Voltando às considerações tecidas sobre recursos, tem-se que no âmbito concernente à matéria licitacional, o recuso hierárquico cabe tão somente nas hipóteses taxativas das alíneas do art. 109-l da lei 8.666/93. Deve ser interposto no prazo de 05 ou 02 dias úteis, determinado pela modalidade de licitação.
A representação (art. 109-ll, da lei 8.666/93), é cabível quando não for possível a interposição de recurso hierárquico, ou seja, por exclusão. Assim como o recurso hierárquico, deve ser interposto no prazo de 05 ou 02 dias úteis, também observando-se a modalidade de licitação que o determina.
O pedido de reconsideração (art. 109-lll – lei 8.666/93), serve para atacar declaração de inidoneidade proferida por decisão de Ministro de Estado, ou Secretário Estadual ou Municipal. Deve ser interposto no prazo máximo de 10 dias úteis contado da intimação do ato.
Assim como na esfera cível, a interposição de recursos licitacionais, deve orientar-se pelas regras do Código do Processo Civil, no que se refere aos requisitos formais. Desta feita, a autoridade a quem for dirigido o recurso, deve, antes de exercer o exame quanto a apreciação do conteúdo do recurso, analisar se os pressupostos legais formais estão presentes para garantir a admissibilidade do recurso.
Os pressupostos formais a serem analisados nos recursos interpostos durante a realização do certame, são os seguintes: a tempestividade e a legitimidade para poder recorrer.
Chama-se a atenção, para o fato de que à comissão licitante é imputado o dever de comunicar a todos os licitantes a interposição de recursos, bem como, o de abrir prazo para a impugnação dos licitantes interessados.
Julgados os recursos, na esfera administrativa não há mais o que fazer, sobejando ainda aos licitantes, se necessário, a invocação da tutela jurisdicional.
NOTAS
1 Conceito extraído do insigne jurista MEIRELLES, Hely Lopes.
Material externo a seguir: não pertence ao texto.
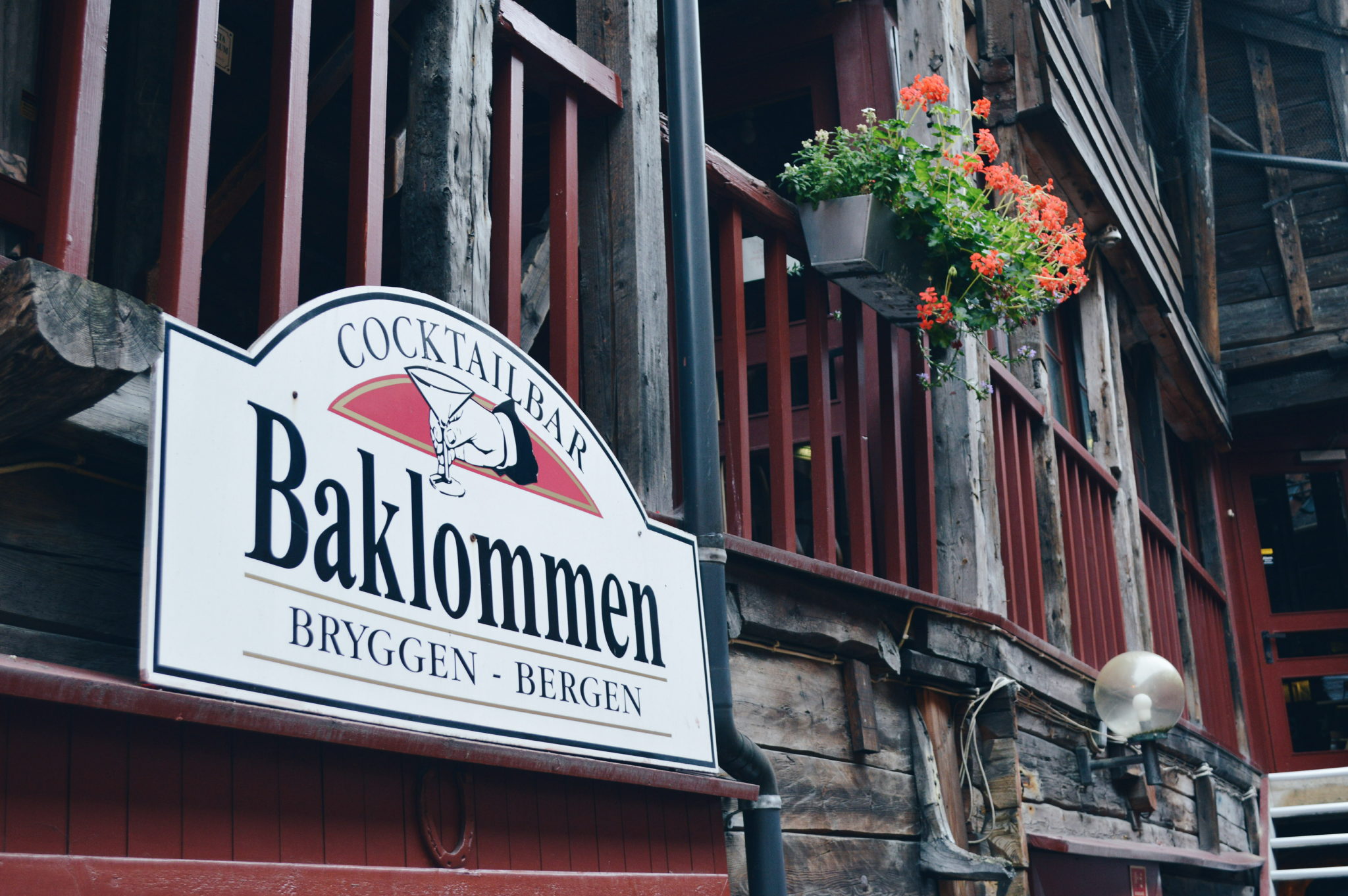 Bar v Bryggenu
Direito Administrativo Brasileiro. 20. ed. São Paulo: Malheiros, 1995. p. 136.
2 Entendimento retirado dos ensinamentos exarados no quadro sinótico apresentado por BLANCHET, Luiz Alberto. Licitação: O Edital à Luz da Nova Lei. 2. ed. Curitiba: Juruá, 1994. p. 182.
3 DI PIETRO, Maria Sylvia Zanella. Direito Administrativo. 6. ed. São Paulo: Atlas, 1996. p. 281.
4 DALLARI, Adilson Abreu. Aspectos Jurídicos da Licitação. 4. ed. São Paulo: Saraiva, 1997. p. 109.